What is required: Produce again, without any change, the lines running from the one with "Komatsu PC 80" through the final line of the data below, and only those.

###

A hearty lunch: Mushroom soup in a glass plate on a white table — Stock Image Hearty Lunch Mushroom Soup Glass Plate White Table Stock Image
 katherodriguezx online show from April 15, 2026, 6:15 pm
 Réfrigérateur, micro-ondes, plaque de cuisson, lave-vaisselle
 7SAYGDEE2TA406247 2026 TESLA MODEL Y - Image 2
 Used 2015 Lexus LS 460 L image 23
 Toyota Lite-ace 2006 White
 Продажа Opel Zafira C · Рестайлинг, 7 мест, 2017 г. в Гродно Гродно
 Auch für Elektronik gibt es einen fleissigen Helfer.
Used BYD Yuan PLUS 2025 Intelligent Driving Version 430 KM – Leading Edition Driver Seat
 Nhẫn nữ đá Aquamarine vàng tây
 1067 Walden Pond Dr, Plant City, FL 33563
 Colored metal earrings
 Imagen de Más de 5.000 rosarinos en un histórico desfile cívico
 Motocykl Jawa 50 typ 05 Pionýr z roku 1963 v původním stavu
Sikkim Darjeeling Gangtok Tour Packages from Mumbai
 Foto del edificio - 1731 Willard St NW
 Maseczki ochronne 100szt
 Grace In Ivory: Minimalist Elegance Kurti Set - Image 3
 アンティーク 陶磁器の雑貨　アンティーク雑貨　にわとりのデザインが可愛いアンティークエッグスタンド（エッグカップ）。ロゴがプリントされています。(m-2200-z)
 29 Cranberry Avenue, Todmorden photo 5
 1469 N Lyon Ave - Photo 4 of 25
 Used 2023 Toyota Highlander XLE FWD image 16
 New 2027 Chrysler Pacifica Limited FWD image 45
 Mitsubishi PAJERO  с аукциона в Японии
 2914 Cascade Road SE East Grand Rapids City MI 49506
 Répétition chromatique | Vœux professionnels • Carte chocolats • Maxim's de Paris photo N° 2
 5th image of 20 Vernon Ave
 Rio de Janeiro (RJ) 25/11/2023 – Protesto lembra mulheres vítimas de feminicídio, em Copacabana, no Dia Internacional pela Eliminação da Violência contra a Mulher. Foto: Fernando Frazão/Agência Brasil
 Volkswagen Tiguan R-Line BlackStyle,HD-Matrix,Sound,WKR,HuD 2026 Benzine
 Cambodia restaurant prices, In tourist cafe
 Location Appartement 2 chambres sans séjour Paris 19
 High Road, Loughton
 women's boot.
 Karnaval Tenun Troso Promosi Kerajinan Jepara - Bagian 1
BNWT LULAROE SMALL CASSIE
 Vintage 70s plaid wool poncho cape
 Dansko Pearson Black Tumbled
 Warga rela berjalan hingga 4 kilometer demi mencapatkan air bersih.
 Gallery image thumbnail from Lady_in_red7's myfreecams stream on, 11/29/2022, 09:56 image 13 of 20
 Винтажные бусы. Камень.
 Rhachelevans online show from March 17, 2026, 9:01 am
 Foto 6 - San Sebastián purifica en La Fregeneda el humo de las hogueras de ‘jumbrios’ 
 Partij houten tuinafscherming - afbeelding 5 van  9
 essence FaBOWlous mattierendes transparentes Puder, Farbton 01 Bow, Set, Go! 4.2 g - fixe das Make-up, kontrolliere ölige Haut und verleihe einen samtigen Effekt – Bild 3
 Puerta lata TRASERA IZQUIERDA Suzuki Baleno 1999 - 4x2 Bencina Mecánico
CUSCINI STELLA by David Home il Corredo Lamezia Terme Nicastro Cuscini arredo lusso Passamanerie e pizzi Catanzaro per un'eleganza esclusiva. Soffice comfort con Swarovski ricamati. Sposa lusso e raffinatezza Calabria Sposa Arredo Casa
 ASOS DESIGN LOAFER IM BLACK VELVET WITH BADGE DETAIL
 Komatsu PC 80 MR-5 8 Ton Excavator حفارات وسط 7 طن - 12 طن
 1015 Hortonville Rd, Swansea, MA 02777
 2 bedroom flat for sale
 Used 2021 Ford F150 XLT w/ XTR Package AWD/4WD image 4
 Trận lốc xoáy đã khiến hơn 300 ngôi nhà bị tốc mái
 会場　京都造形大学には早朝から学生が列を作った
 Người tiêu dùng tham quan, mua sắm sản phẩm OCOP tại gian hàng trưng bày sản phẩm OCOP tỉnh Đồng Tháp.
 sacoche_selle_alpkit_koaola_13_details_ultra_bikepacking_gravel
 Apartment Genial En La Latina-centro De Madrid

###

Answer to the problem:
 Komatsu PC 80 MR-5 8 Ton Excavator حفارات وسط 7 طن - 12 طن
 1015 Hortonville Rd, Swansea, MA 02777
 2 bedroom flat for sale
 Used 2021 Ford F150 XLT w/ XTR Package AWD/4WD image 4
 Trận lốc xoáy đã khiến hơn 300 ngôi nhà bị tốc mái
 会場　京都造形大学には早朝から学生が列を作った
 Người tiêu dùng tham quan, mua sắm sản phẩm OCOP tại gian hàng trưng bày sản phẩm OCOP tỉnh Đồng Tháp.
 sacoche_selle_alpkit_koaola_13_details_ultra_bikepacking_gravel
 Apartment Genial En La Latina-centro De Madrid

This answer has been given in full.